# Dock Diving



## Ms1234 (May 14, 2010)

Just wondering if anyone has tried any of the Dock Diving events with their Vizsla? There is one coming up here in Ottawa in July and I'm thinking of trying it out with my V. I think she would like it as she likes fetching and going in the water, however, I'm worried she would be too distracted by the crowd or other dogs. She is not like a Border Collie that will stare at the ball in your hand for hours without breaking focus. If something more interesting happens she loses her focus, lol. Any tips or suggestions for me?


----------



## SandraDee (Oct 19, 2010)

I have no suggestions, but just wanted to say I think its cool that you are doing this.

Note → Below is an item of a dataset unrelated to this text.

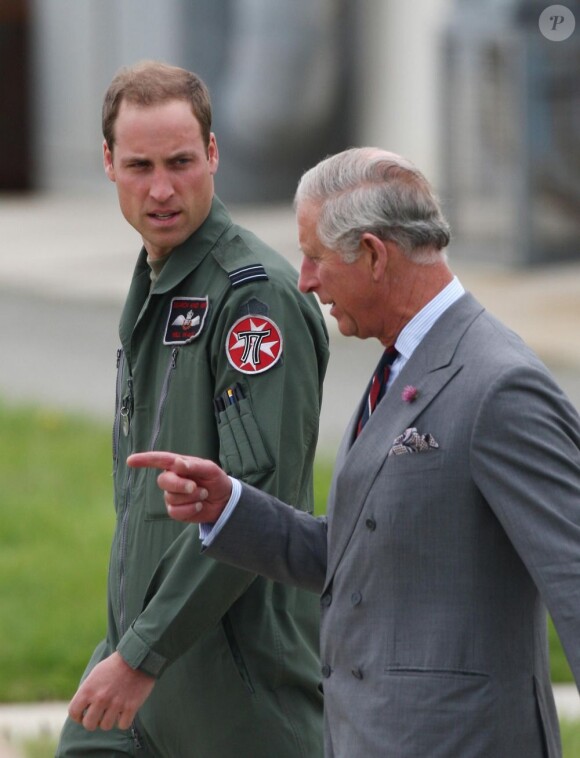 Visite guidée de la base de la RAF Valley à Anglesey pour le prince Charles, par son fils le prince William, capitaine au sein du 22e escadron, le 9 juillet 2012, au premier jour de sa tournée au Pays de Galles.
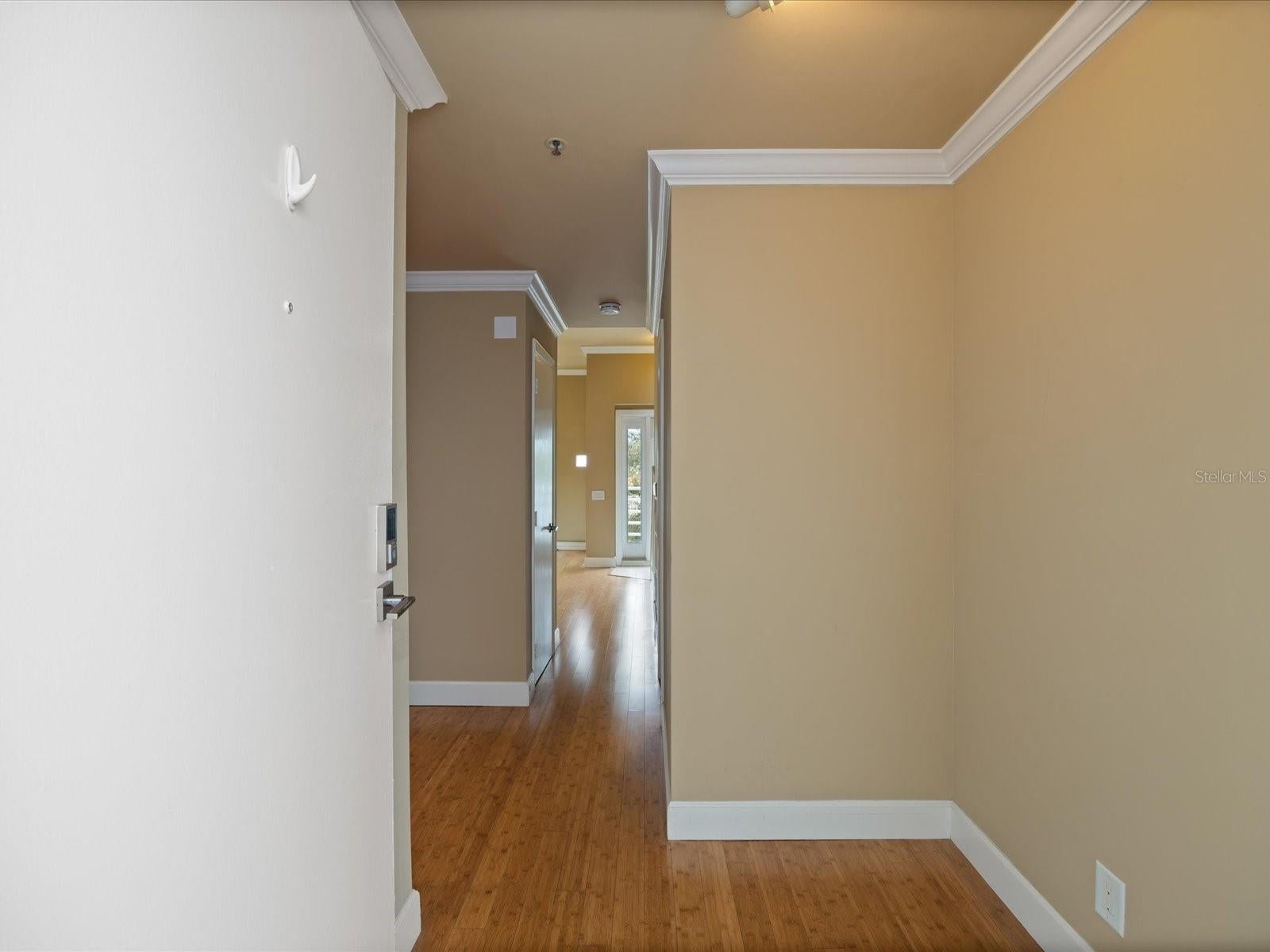 4950 BAYSHORE BOULEVARD 28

I would love to teach Scout how to do this.


----------



## Mischa (Feb 17, 2010)

I plan on looking into this in the future. I haven't heard of any local training spots, but I'm hopeing it becomes more popular over the next couple years.
I think it's big in Europe, but not sure about here in Canada. 

If you find some info, please update this thread.


----------



## Ms1234 (May 14, 2010)

This is the only club I could find relatively close to my area. I believe they are based out of Kingston, ON and they have events this summer in Belleville, Ottawa, Gananoque etc. 
http://www.1000islandsdockdogs.com/Events.html

It sounds like they are very supportive to first-timers coming out and giving it a try with their dogs...so that takes a bit of the pressure off!


----------



## Linescreamer (Sep 28, 2010)

Practice, Practice and more Practice.


----------



## Mischa (Feb 17, 2010)

Ms1234 said:


> This is the only club I could find relatively close to my area. I believe they are based out of Kingston, ON and they have events this summer in Belleville, Ottawa, Gananoque etc.
> http://www.1000islandsdockdogs.com/Events.html
> 
> It sounds like they are very supportive to first-timers coming out and giving it a try with their dogs...so that takes a bit of the pressure off!


Bookmarked!
There is a link to a training spot 20 minutes from us. 
Great find, Thank-You.

Hope you have fun!


----------



## redbirddog (Apr 23, 2010)

http://redbirddog.blogspot.com/2009/09/athletic-vizslas.html

Team Red Dog has done dock diving with their Vizslas for several years. In 2009 I posted about athletic Vizslas with a link to their website.

Happy trails and trials,

Rod


----------



## DASHAW (Jun 22, 2011)

One thing that has worked with our Vizsla is training him with a lot of other dogs but particularly our lab. The lab can swim faster than him and makes him really competitive when going after the dummy, he is smart and has figured out how to beat out the lab. We haven't tried training for competition, but I know he is pretty focused with even all 6 dogs running around.


----------